Ralph Haas is a distinguished professor emeritus of civil engineering at the University of Waterloo in Ontario. He’s also a die-hard marathoner, who used to make an annual pilgrimage to Nanisivik for the Midnight Sun Marathon.
In the mid-1960s, Haas helped develop the Riding Comfort Index, which is used by the Transportation Association of Canada to determine acceptable and unacceptable levels of road roughness.
“The index is based on Joe Blow and Mary Smith citizens rating roads that range from providing a smooth automobile ride to an unacceptable level of roughness,” Haas explained in a telephone interview from Edmonton, where he’s working with city officials on their infrastructure planning.
Volunteers rate the roads on a scale from one to 10, and then the results are averaged by researchers to give an overall picture of a road network’s social acceptability.
“At the point in the index where ride comfort becomes unacceptable there’s usually a consensus amongst most people — from the coffee shop server to the office administrator,” Haas said.

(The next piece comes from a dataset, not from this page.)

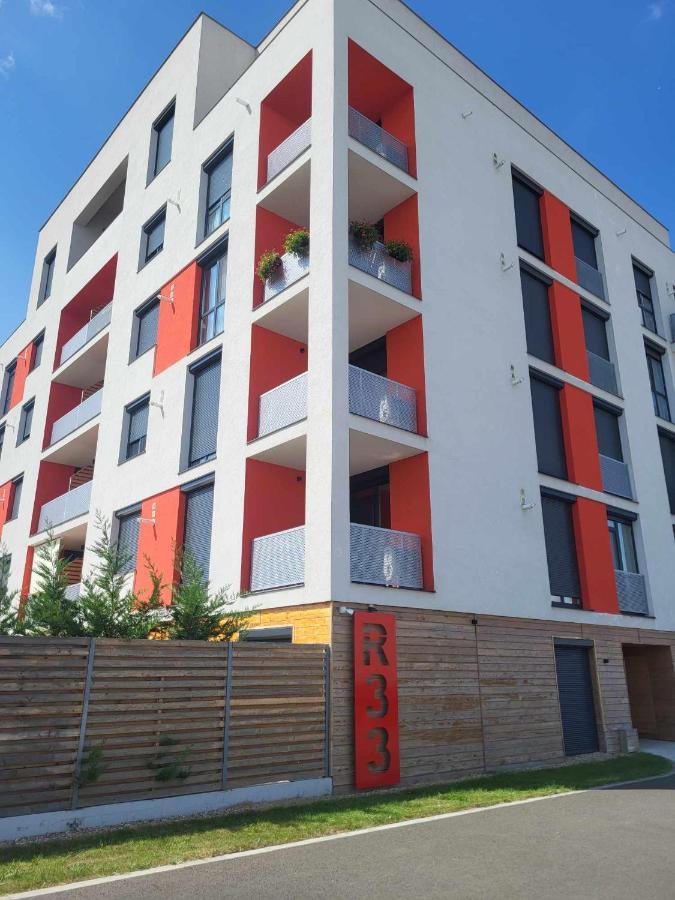 Sika Sunny Garden Apartment Арад Екстериор снимка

Creating the index was part of Haas’ important, though often overlooked, contribution to the betterment of society that earned him the Order of Canada in 1999.
Haas was contacted Monday after Nunatsiaq News estimated Iqaluit’s total pothole count to be a staggering 300,000.
“Good lord!” Haas said upon hearing that figure.
Though the study was thoroughly unscientific — it involved two intrepid reporters measuring three metres of road outside the newsroom, then counting the number of potholes therein (42, to be exact), and then factoring the findings into a complex series of division and multiplication – it showed that Iqaluit’s streets are practically nothing but potholes.
In such a situation, Haas said, “You’re faced with continual patching. At some point the entire road network will have to be replaced.”
Potholes are serious business.
“Potholes are formed when a bit of the road material gets loose either through bad packing or the effect of moisture in the material freezing and thawing,” Haas says. “A few stones then get loose and every vehicle passing over the pothole squeezes a bit more of the material loose, causing more damage.
“It jars things travelling on it loose, too; there’s an awful impact on a vehicle’s suspension.”
Unfortunately, according to Haas, “If you’ve got that many potholes you can do some short-term patching and filling in, which will last for a couple of days. It’s like patching up a rusty car, eventually you have to give up.”
But Haas says there’s still hope for Iqaluit’s roads.
The cost of overhauling them shouldn’t run more than $500,000 per kilometre, he says, and that includes the cost of shipping the material North.
Haas says Iqaluit’s transportation dilemma still doesn’t sound as bad as what he’s witnessed in parts of Russia, one of the many countries where he’s been invited to provide his expertise.
“In Russia, there was no will nor money to fix the roads, which were virtually impassable unless you owned a Hummer,” Haas recalled.